Style, the high fashion series from Jay Hogan, has as its core elements high fashion, those that work within the industry ,whether it’s designers, models, photographers, fashion bloggers, and, sexual assault.
I’ve finished Strut and Flare, and each of the main characters of those storylines has been the victim of a sexual assault, past as part of the storyline.
I mention this immediately for several reasons. One to let readers know if this would be a potential trigger for them. Another reason that using sexual assault as a element in storylines has become so prevalent that the majority of the last ten recently released books I read used it as part of their plot.
For me that’s a disturbing trend. Whether the author does well by the subject matter, as Hogan does here, or as a disposable element, poorly executed and one dimensional as I’ve seen so often lately.
In Strut it highlights an entire industry’s lack of care towards its models, the very real dangers a young person faces through big contracts, unscrupulous business practices, and a unthinking fashion industry that’s allowed certain practices to go forward until recently. The new rules and #Metoo movement has forced some significant progress .

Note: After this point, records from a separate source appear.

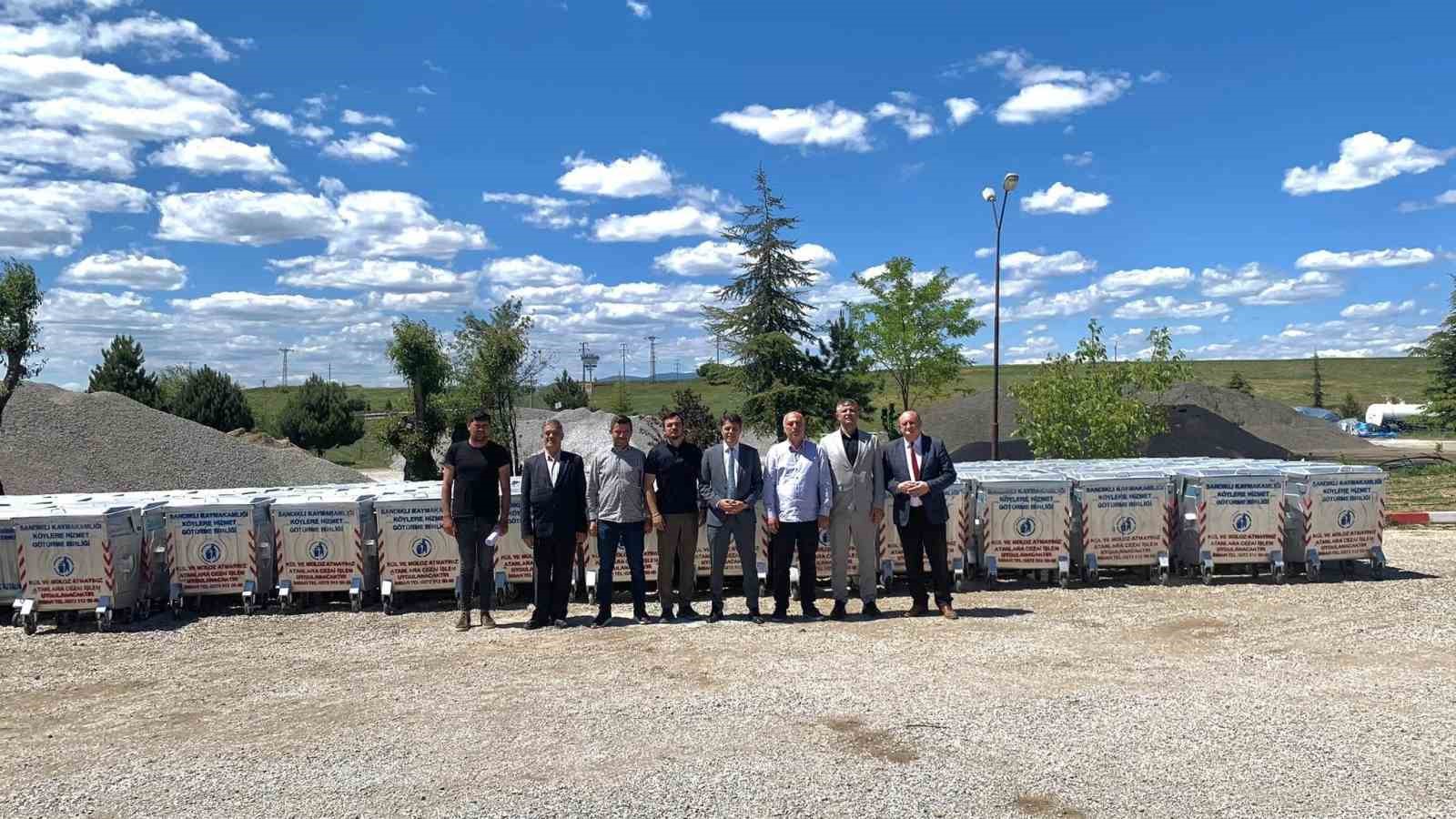 Sandıklı’da çöp konteyneri dağıtımı yapıldı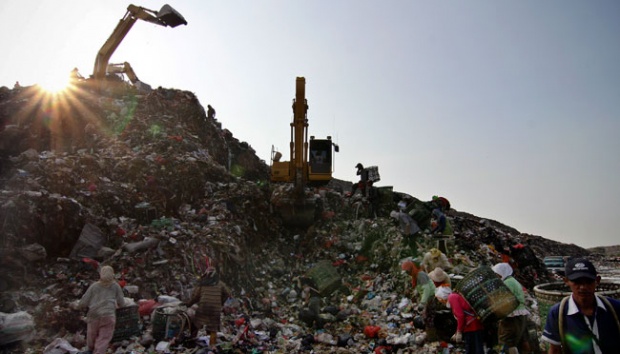 Tiap Hari Jakarta menghasilkan Sampah seluas Candi Borobudur Kwikku, Tiap Hari Jakarta menghasilkan Sampah seluas Candi Borobudur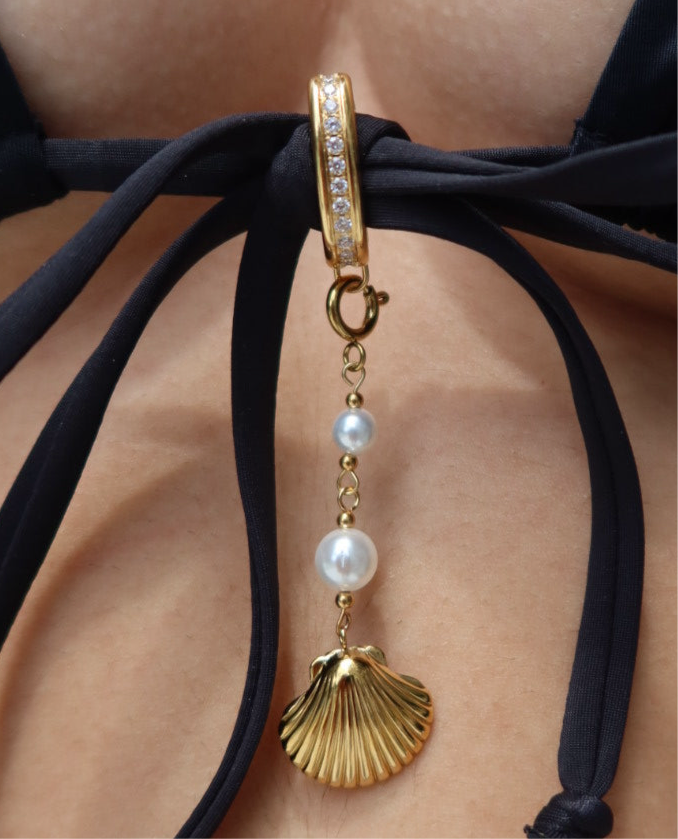 Concha de Oro Bikini Charm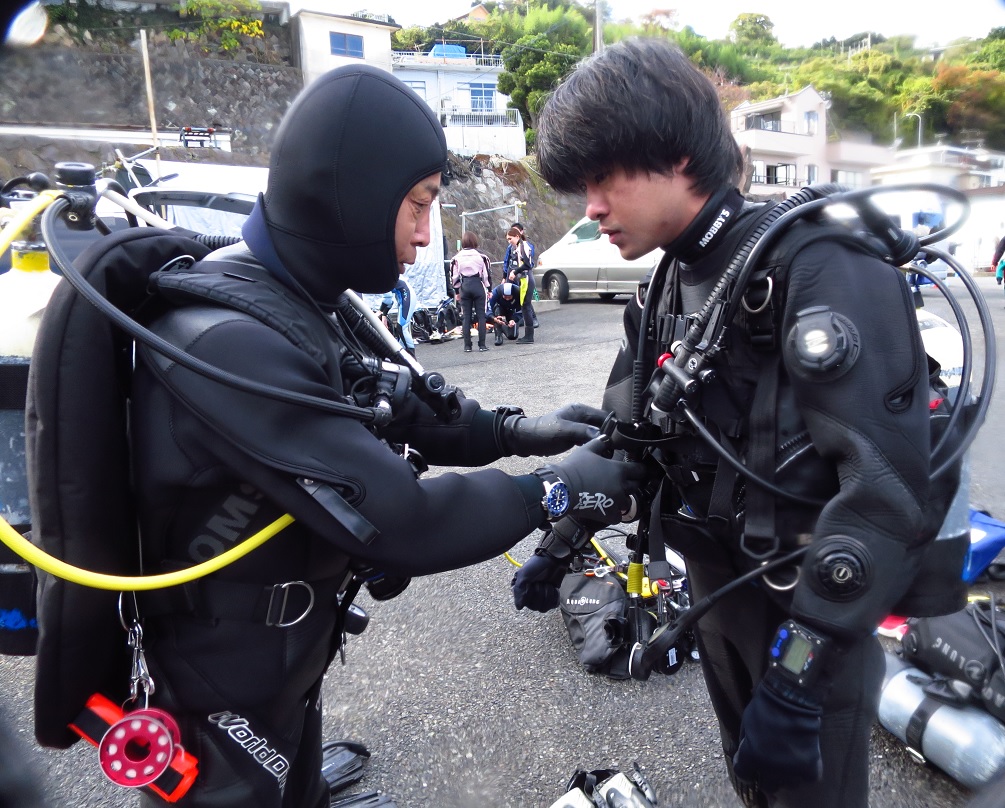 PADI　オープンウォーターダイバー　講習　ライセンス　Cカード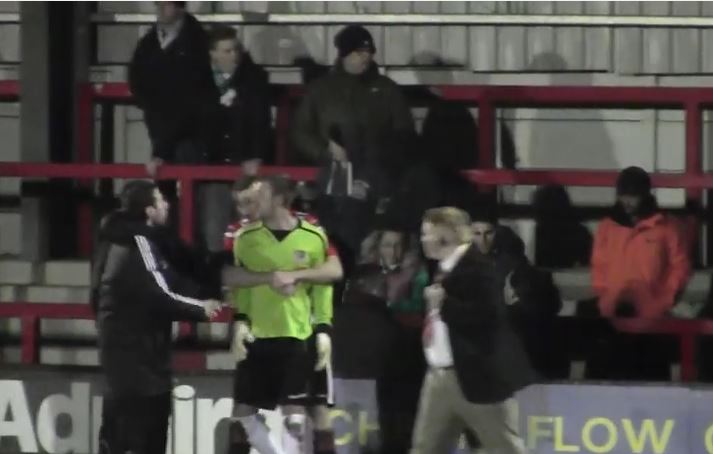 Τερματοφύλακας επιτέθηκε σε οπαδό αντίπαλης ομάδας – ΒΙΝΤΕΟ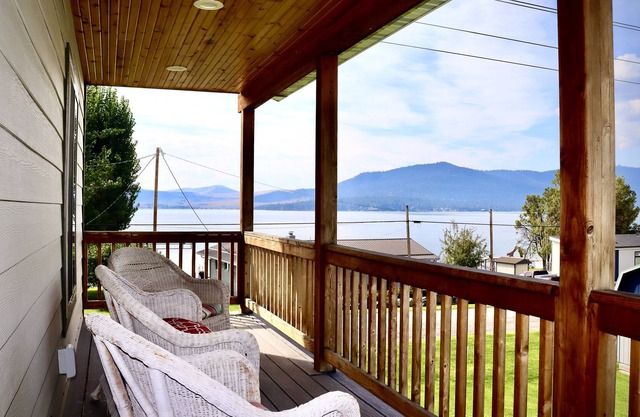 Charming Loft with Panoramic Lake Views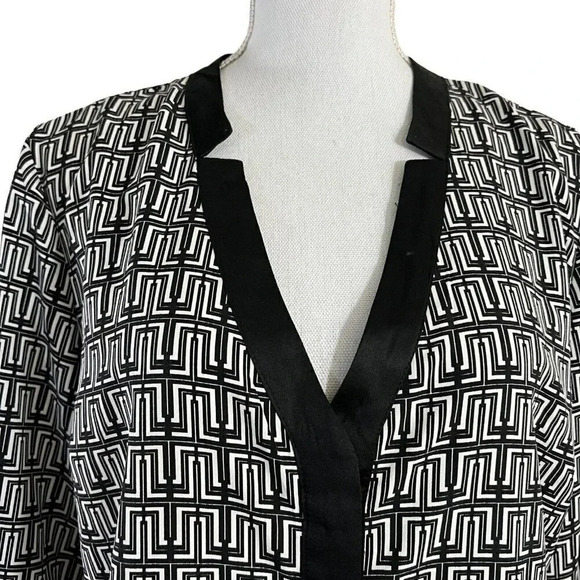 Ellen Tracy Black and White Button Up Shirt Blouse Large Zig Zag Striped Stripes - Picture 5 of 9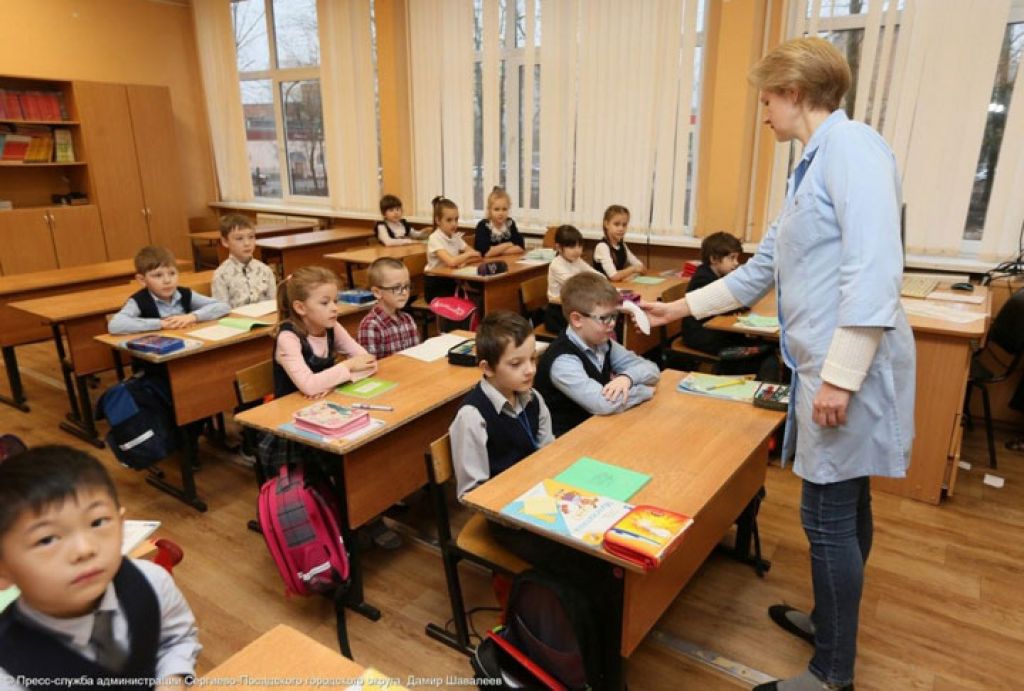 В школах Подмосковья объявили трехнедельные каникулы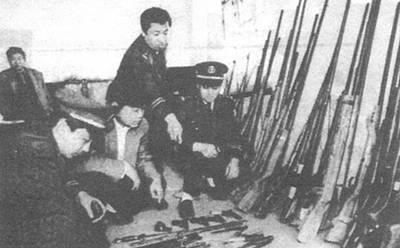 1981惊魂偷枪案：少年 “敢死队” 的疯狂一夜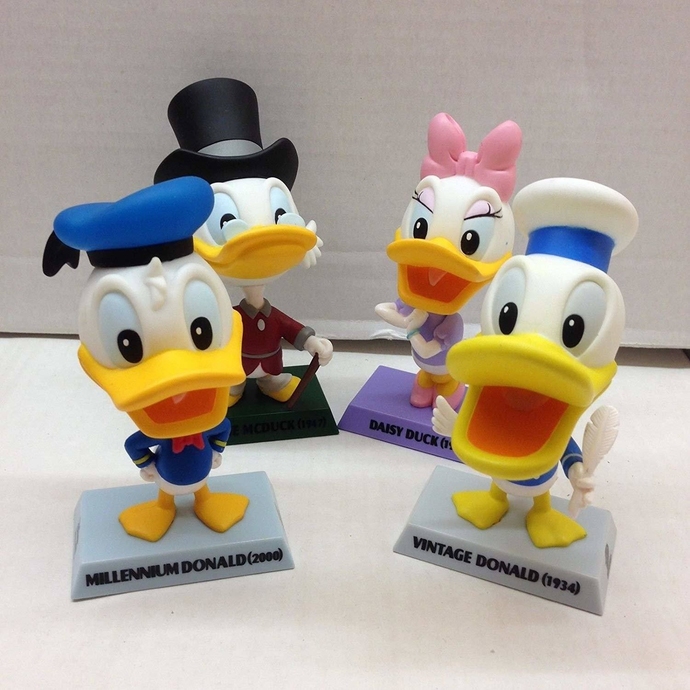 Дейзи Дак - Disney Treasures 100th Anniversary Collectible Figure - Daisy Duck (1937)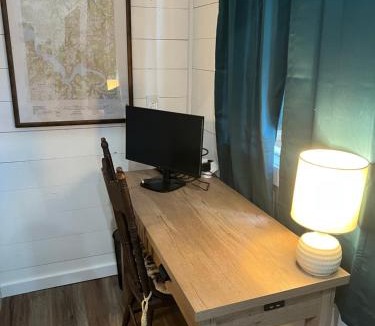 Byrdstown House | Lil' Blue Studio Home Near Livingston and Byrdstown, Tennessee and Dale Hollow Lake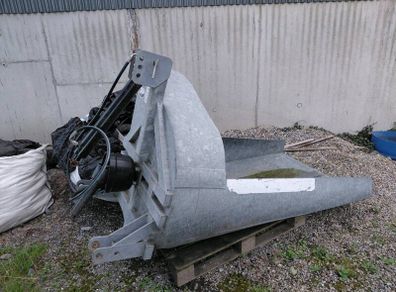 Self Load Muck Spreader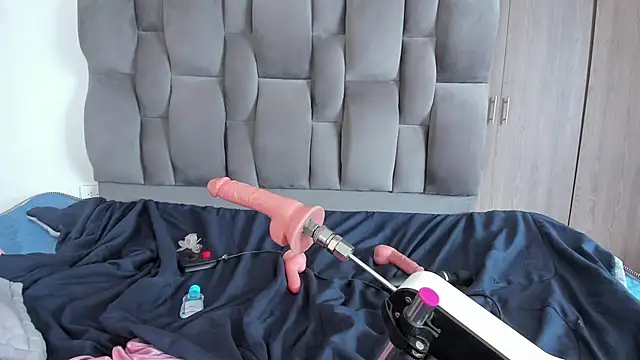 Sasha_Lux18 webcam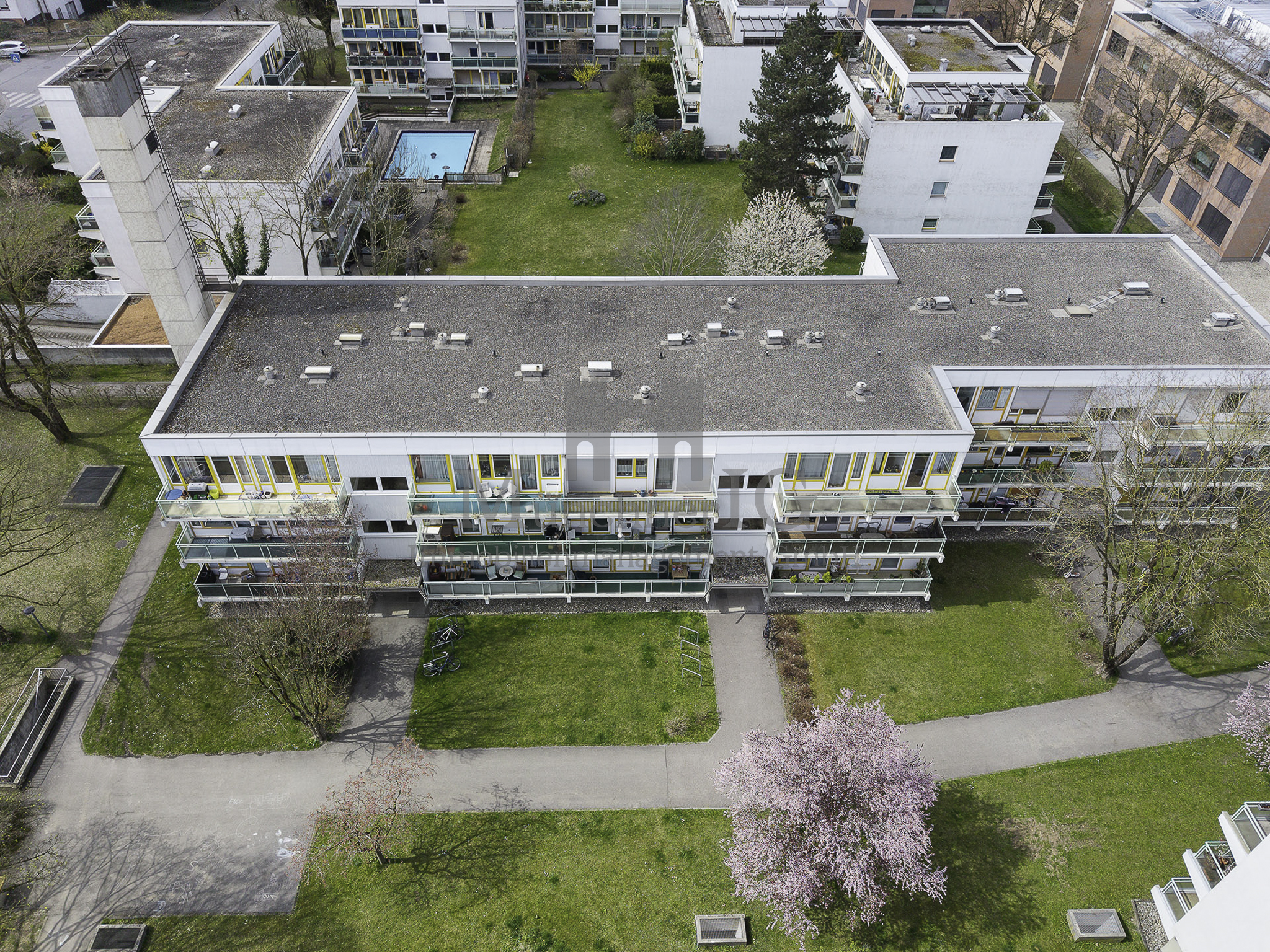 Münchner IG: Traumwohnung mit Swimming Pool & 1.500 qm großen Garten in begehrter Lage! – München – Vorschaubild 19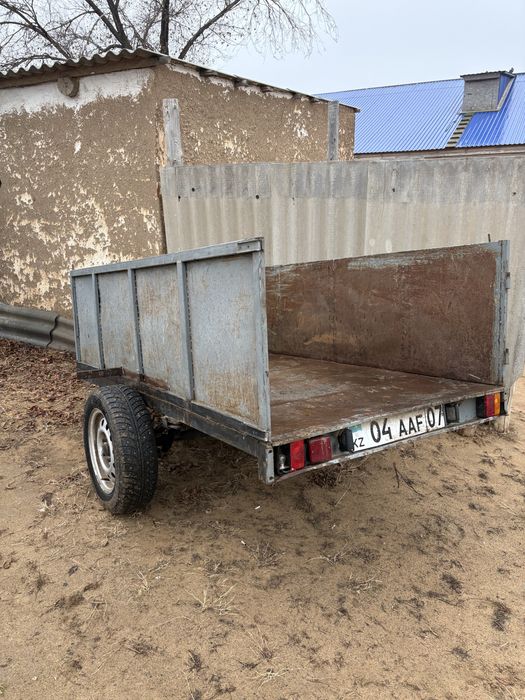 Легковой прицеп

Hogan’s storylines has handled this, the ramifications of sexual assault, respectfully and with regard to the reality of the situation. I liked the characters, ones we met previously in Flare and very much committed to their relationship.
Alec, the model we met in Flare who modeled for Rhys’ show in Auckland, has now relocated to the powerhouse high fashion world of New York City. He’s in debt but rising up in reputation as a runway model. He’s reunited with Hunter, the extremely talented, well known fashion photographer who’s best friends with Rhys and Kip. Hunter, Alec’s former crush was something that didn’t go well.
They are terrific characters. Alec is especially endearing. Hunter is a bit older and a player, until Alec. Both layered personalities with great chemistry, enough that you can understand them as a couple.
And it’s that foundation that gets them through the trauma that happens to Alec. It’s believable and highly realistic.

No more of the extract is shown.